Le Premier ministre continue de choyer les PME à forte croissance, particulièrement fécondes en termes de création d'emplois. Dominique de Villepin a donc annoncé ce matin devant 500 patrons de PME à forte croissance, réunis à la Chambre de commerce et d'industrie de Paris, une série de mesures à mettre en place.

Pour dépasser le cap de 20 salariés, les entreprises se trouvent généralement confrontées à de nouvelles difficultés, une trésorerie tendue et un manque de ressources humaines pour gérer les formalités administratives, constate le Premier ministre. "Pour les aider, nous allons définir avec Thierry Breton et Renaud Dutreuil (respectivement ministre de l'Economie et des Finances et ministre des PME, ndlr) un "statut d'entreprise de croissance" au profit des PME qui connaissent "deux années de suite une forte croissance de leur masse salariale", a indiqué Dominique de Villepin. "Ce statut leur permettra de bénéficier pendant au moins deux ans d'un soutien particulier avec un objectif: neutraliser les surcoûts liés à la croissance", a-t-il expliqué.

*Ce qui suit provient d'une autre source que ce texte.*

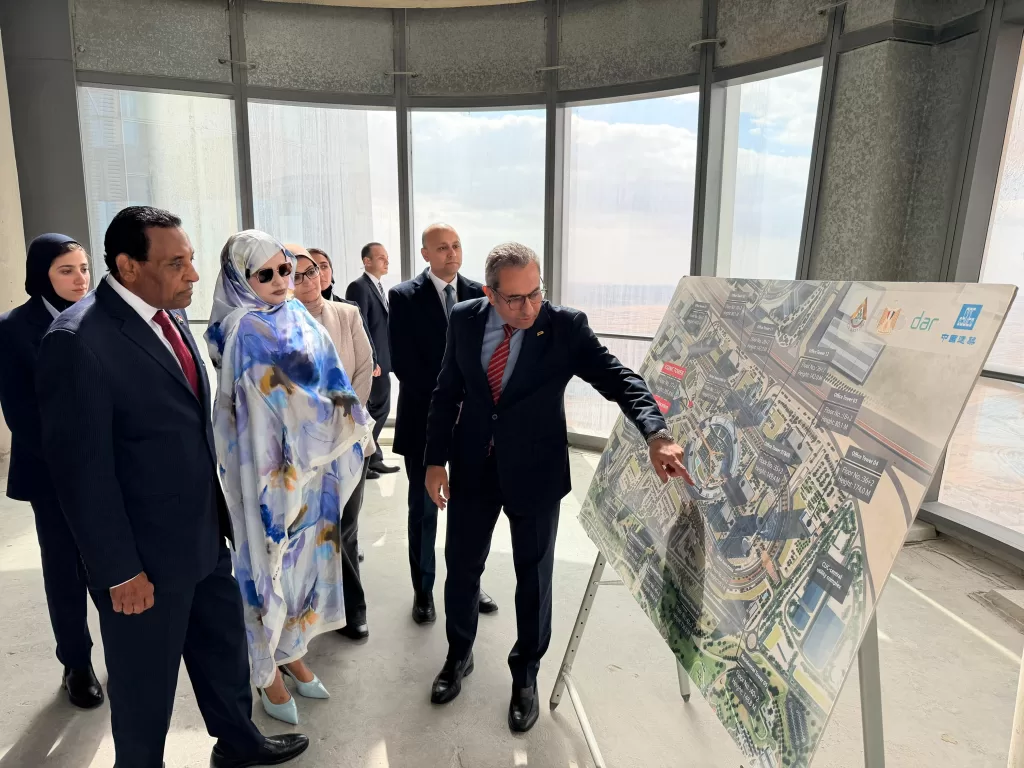 رئيس وزراء السودان يتفقد «العاصمة الجديدة».. ويشيد بالنهضة العمرانية المصرية من قمة البرج الأيقوني 4 - جريدة الجمهورية WhatsApp Image 2026 02 27 at 11.20.48 PM 5 - جريدة الجمهورية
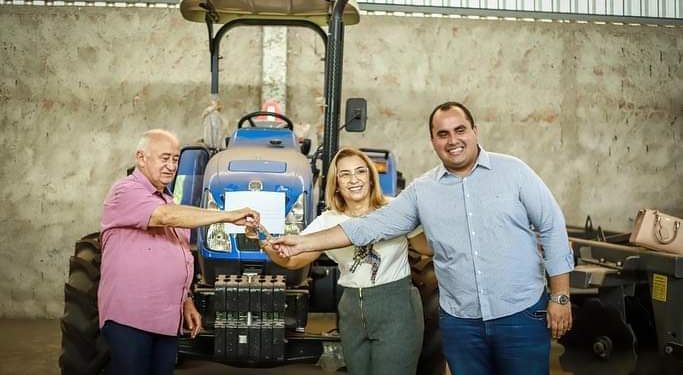 Prefeita Neidinha Lima recebe novo trator e implementos para Guadalupe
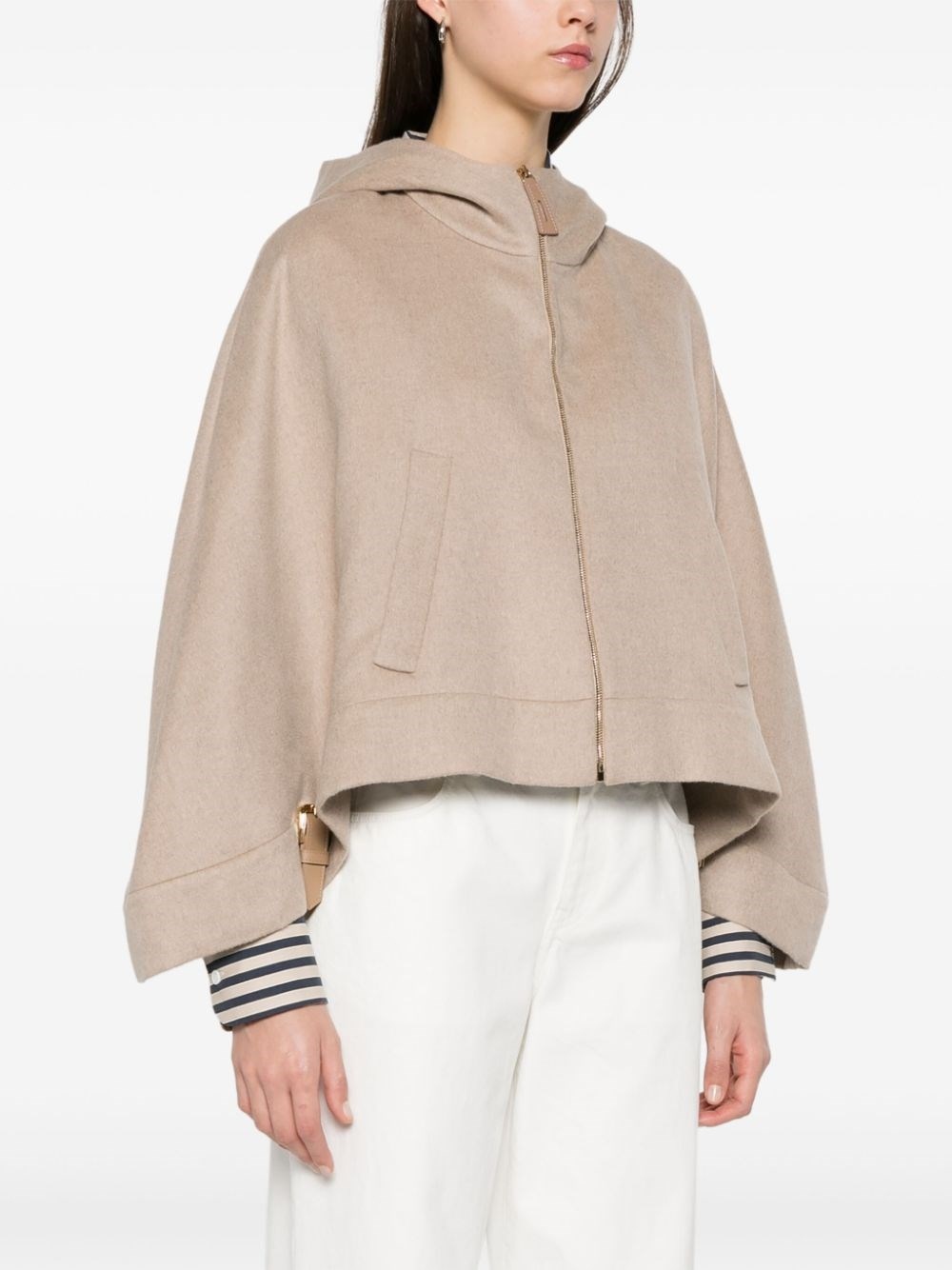 Wool hooded cape - 2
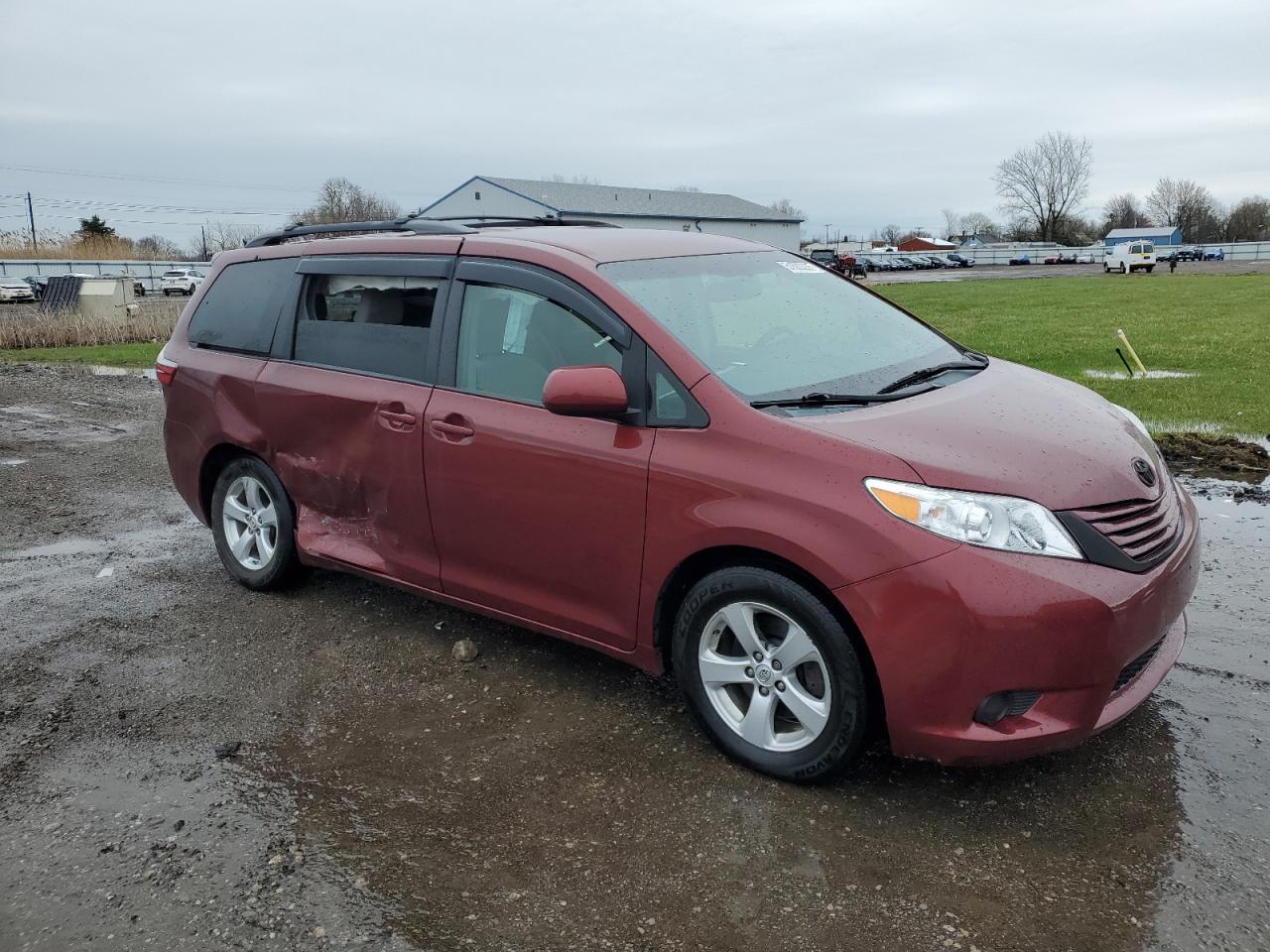 2015 TOYOTA SIENNA LE - Фото 4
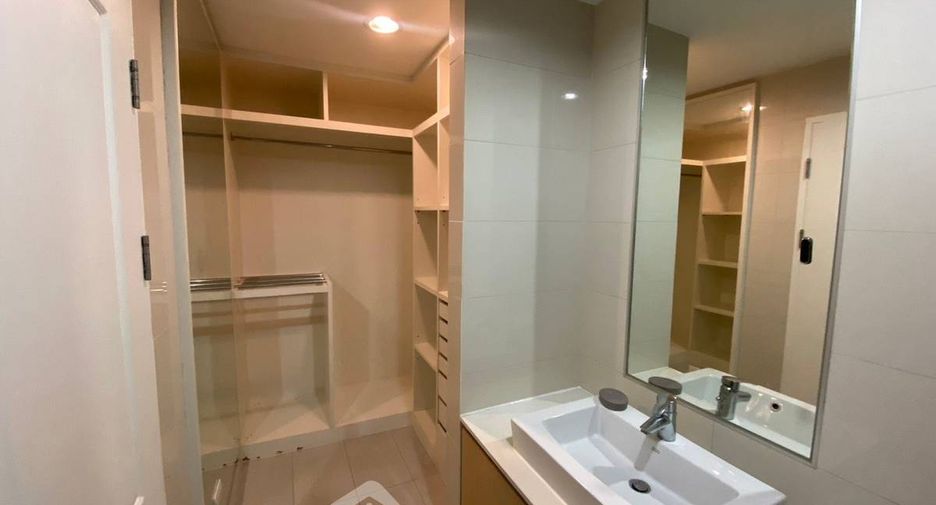 Condo en alquiler de 1 habitaciones en Watthana, Bangkok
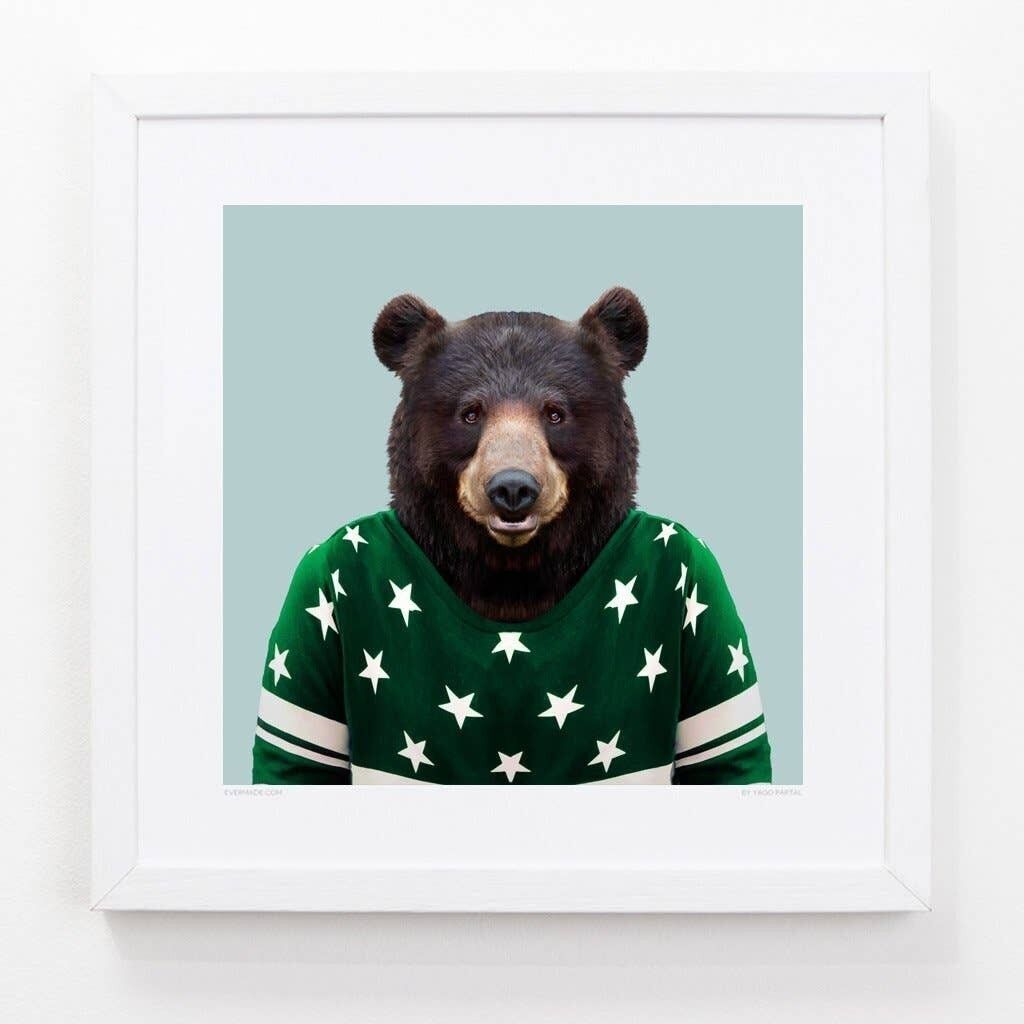 Liam, l'orso nero americano__Azzurro / Grande [61 cm x 61 cm] / Senza cornice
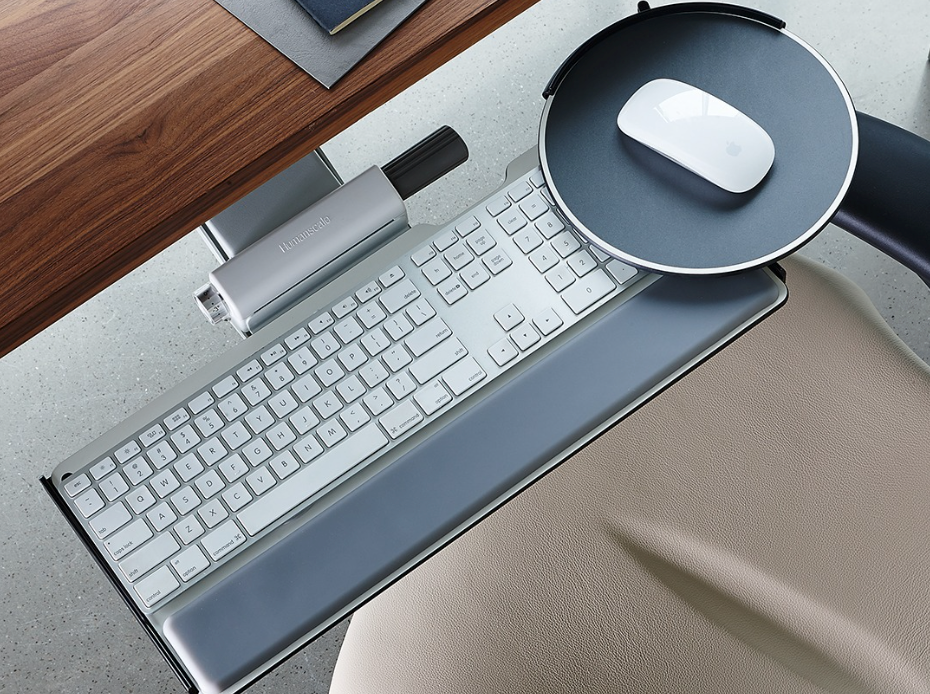The Reason We Use Keyboard Trays - Chairlines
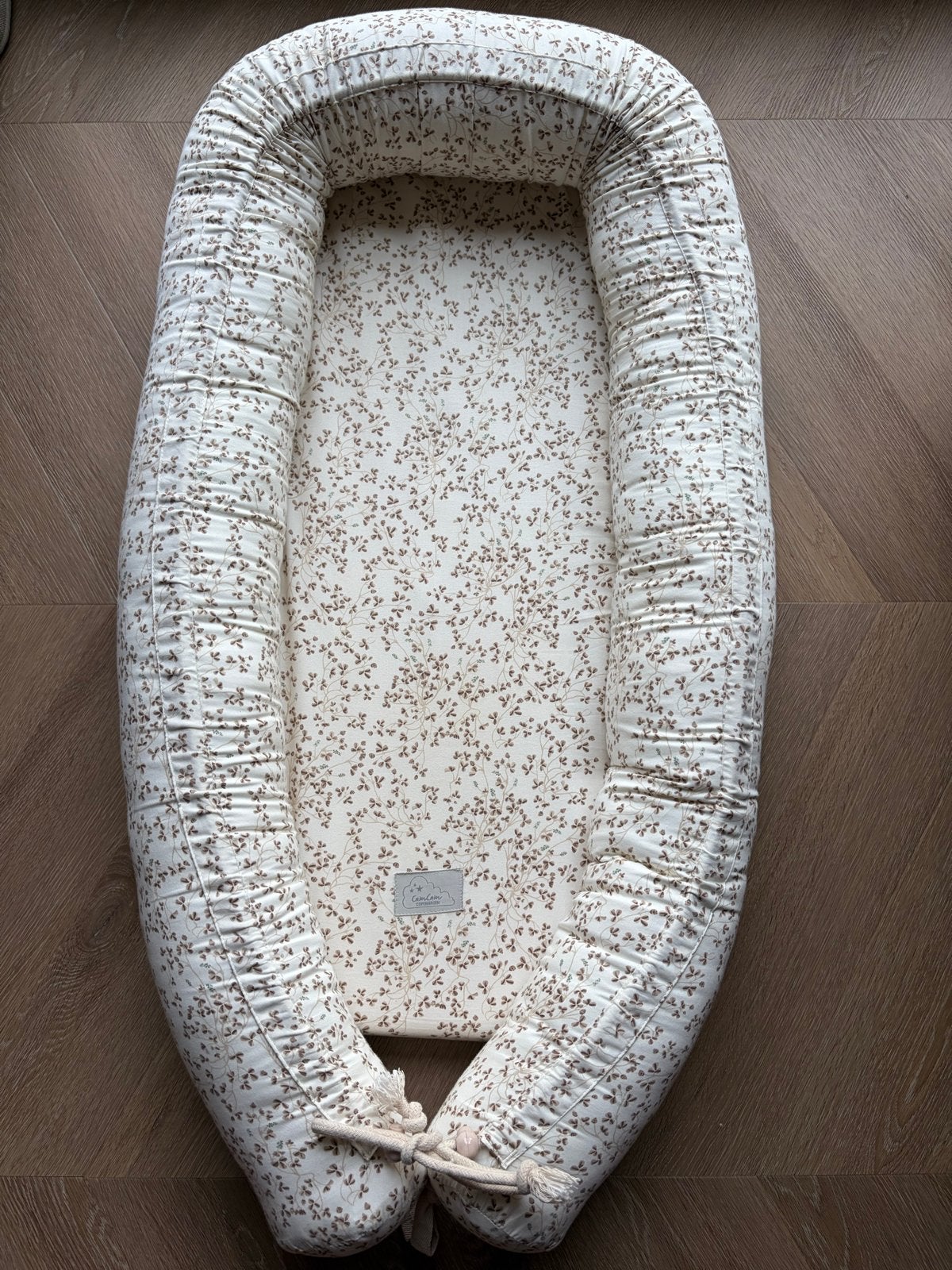 Cam Cam Copenhagen babynestje - zo goed als nieuw, Ophalen, 190 cm of minder, Zo goed als nieuw, Crème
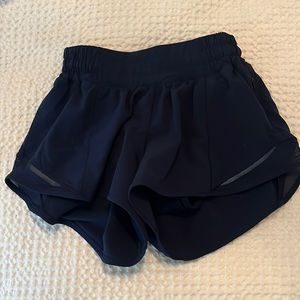 Lulu Lemon Shorts Size 0 Hotty Hot 2.5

Pour que ces entreprises ne soient pas pénalisées alors qu'elles doivent effectuer d'importants investissements, "un nouveau mécanisme de gel de l'impôt sur les sociétés sera mis en place" dans le cadre du budget 2007, a également annoncé le Premier ministre. Présenté en loi de finances, ce dispositif "permettra de neutraliser toute augmentation de cet impôt pendant la période de croissance" et "les bénéfices pourront ainsi être réinvestis dans le développement de l'entreprise et dans les embauches de nouveaux salariés", a-t-il précisé. A cela s'ajoute le programme de 2 milliards d'euros annoncé par Jacques Chirac en janvier dernier pour renforcer le capital risque, qui sera opérationnel cet été.

Enfin, pour stimuler l'embauche, sera mis en place un système permettant de différer de six mois le paiement des cotisations salariales, le temps pour les nouveaux embauchés d'être rentables pour l'entreprise. Et des facilités juridiques permettront à ces dernières de bénéficier de l'expérience des cadres expérimentés "qui souhaitent tenter une reconversion dans des jeunes PME en phase de démarrage".